At this time, the oxygen injection pressure may be adjusted depending on a precipitation type of iron (Fe) ions or a leaching rate.
The valuable metal is leached by the reaction after charging into the autoclave and reaction formulae therefor are as follows.
MeO(Fe, Cu, Co, Ni, Zn, Mn)+H₂SO₄=Me²⁺+SO₄ ²⁻ [Reaction Formula 1]
2FeSO₄+0.5O₂+2H₂O=Fe₂O₃+2H₂SO₄ [Reaction Formula 2]
After the step (a), a step (b) of separating a solution leached by the oxidation reaction and a precipitate of impurities containing iron (Fe) is continued.
The step (b) is a step of separating some iron (Fe) and impurities by means of solid-liquid separation of the leached solution and recovering a solution in which metals containing copper (Cu), zinc (Zn), manganese (Mn), cobalt (Co), nickel (Ni), iron (Fe), silicon (Si), aluminum (Al), and calcium (Ca) are leached.
In the step (b), iron ions are precipitated as Fe₂O₃according to the oxygen injection pressure and the temperature adjusted during the reaction to be recovered as residues along with some impurities which have not been eluted.
In the step (b), a solid slurry is separated, and the liquid may be recovered by the solid-liquid separation on the solution recovered by the reaction formula.
The metals in the step (b) are configured by valuable metals to be recovered and impurity metals and the value metals include copper (Cu), zinc (Zn), manganese (Mn), cobalt (Co), and nickel (Ni) and the impurities include iron (Fe), silicon (Si), aluminum (Al), and calcium (Ca).
However, it is not necessarily limited to the above-described examples but may be various metals (including valuable metals) generated from the low grade MHP.

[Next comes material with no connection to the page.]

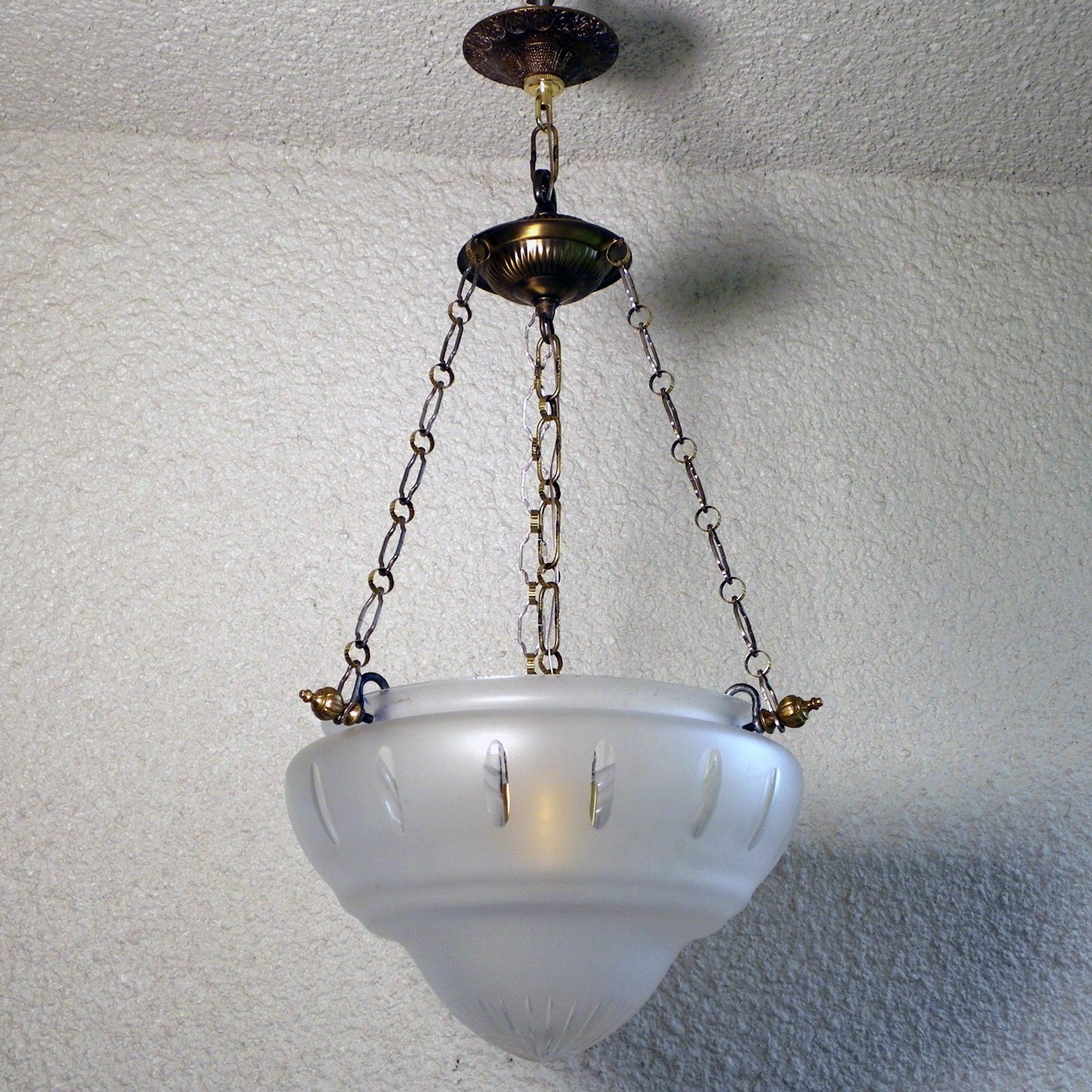 RESTORED VINTAGE GRAVITY HOOK PENDANT LIGHT SATIN GLASS BOWL CHANDELIER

Further, a content of the valuable metals included in the low grade MHP may vary depending on a source of the low grade MHP, so that it is not specifically limited.
That is, the solution recovered by the solid-liquid separation of the step (b) is a solution in which valuable metals to be recovered, such as copper (Cu), cobalt (Co), nickel (Ni), zinc (Zn), and manganese (Mn), are leached. At this time, there are impurities such as iron (Fe), silicon, aluminum, and calcium (Ca) in the solution recovered in the step (b) as well as the valuable metals so that it is difficult to selectively recover the valuable metals.
Thereafter, a step (c) of recovering copper as a copper sulfate solution by solvent extraction from the solution in the step (b) is continued.
The step (c) is a step of recovering copper from the leached solution using solvent extraction and the solvent extraction of the step (c) uses a mixture of kerosene which is a diluent and 2-hydroxy-5-nonylacetophenone oxime and 4-nonylphenol extractants.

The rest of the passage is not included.